Steven Spielberg Explains the Benefits of Filming THE ADVENTURES OF TINTIN With Motion Capture
Published: March 14, 2011 - 12:21pm
For his upcoming film, The Adventures of Tintin: The Secret of the Unicorn, Spielberg chose to film the actors in the same performance-capture technology that James Cameron used on Avatar according to the LA Times.
Combining three of Belgian artist Georges "Hergé" Remi's comic stories --The Crab with the Golden Claws, The Secret of the Unicorn and Red Rackham's Treasure -- the film depicts Tintin's (Jamie Bell) first encounter with Captain Haddock (Andy Serkis) and the discovery of a clue to the treasure of his ancestor Sir Francis Haddock. They set out to find it with protection from a prison escapee who tried to get the treasure as well as Detectives Thompson and Thomson (Simon Pegg and Nick Frost).
Spielberg explains to the LA Times Hero Complex that it was his respect for artist Hergé and wanting to depict the art as closely as possible that influenced his decision to film the actors using motion capture. “Hergé wrote about fictional people in a real world, not in a fantasy universe,” Spielberg said. “It was the real universe he was working with, and he used National Geographic to research his adventure stories. It just seemed that live action would be too stylized for an audience to relate to. You’d have to have costumes that are a little outrageous when you see actors wearing them. The costumes seem to fit better when the medium chosen is a digital one.”

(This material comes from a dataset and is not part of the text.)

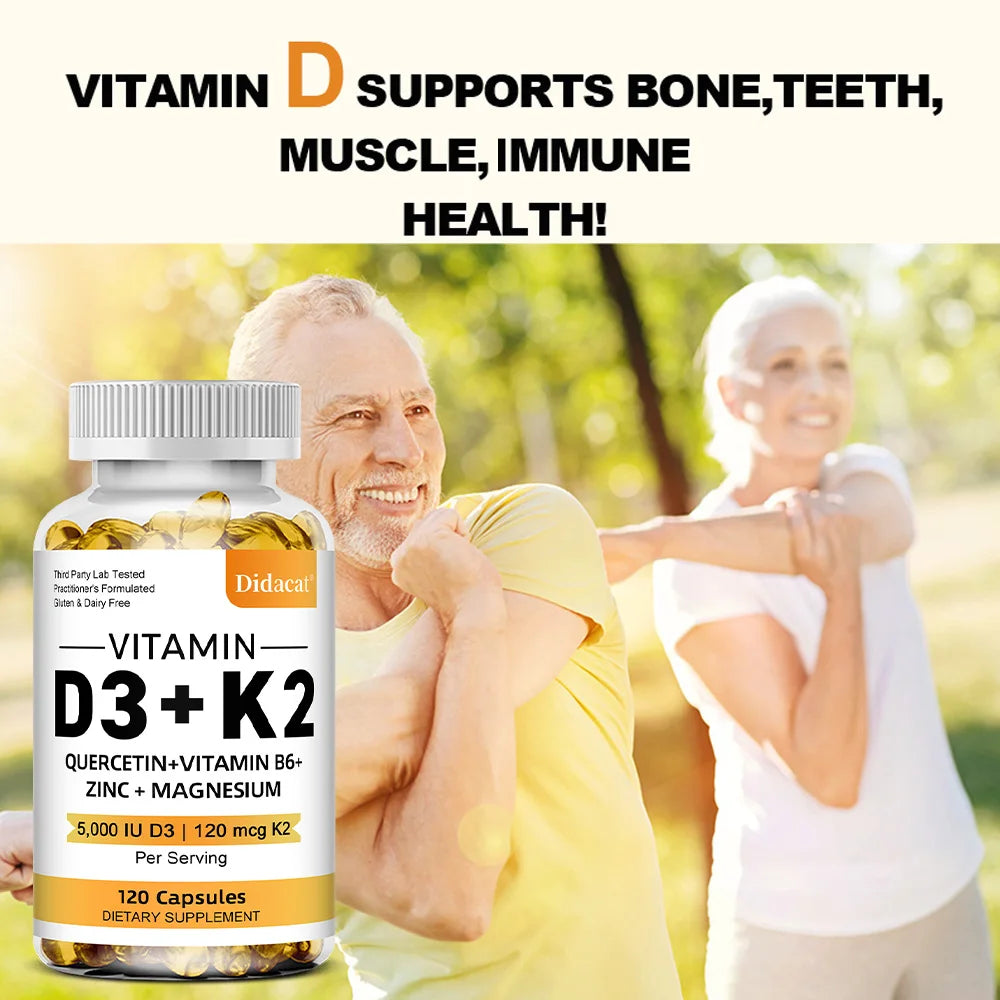 Vitamin D3 K2 Capsules Daily Supplement Healthy Immune System Heart and Bones Multi Diet Supplement for Adults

As for the experience, the director says that he adored it, “It made me more like a painter than ever before. I got a chance to do so many jobs that I don’t often do as a director. You get to paint with this device that puts you into a virtual world, and allows you to make your shots and block all the actors with a small hand-held device only three times as large as an Xbox game controller.”
The actors wore lyrca suits which were covered in reflective markers and their every movement was tracked by more than 100 cameras. “When Captain Haddock runs across the volume, the cameras capture all the information of his physical and emotional moves,” the director said. “So as Andy Serkis runs across the stage, there’s Captain Haddock on the monitor, in full anime, running along the streets of Belgium. Not only are the actors represented in real time, they enter into a three-dimensional world.”
Tintin stars Jamie Bell, Andy Serkis, Simon Pegg, Nick Frost and Daniel Craig. Produced by Peter Jackson, with the animation done by Jackson’s Weta wizards, the film is due in theaters in 2011.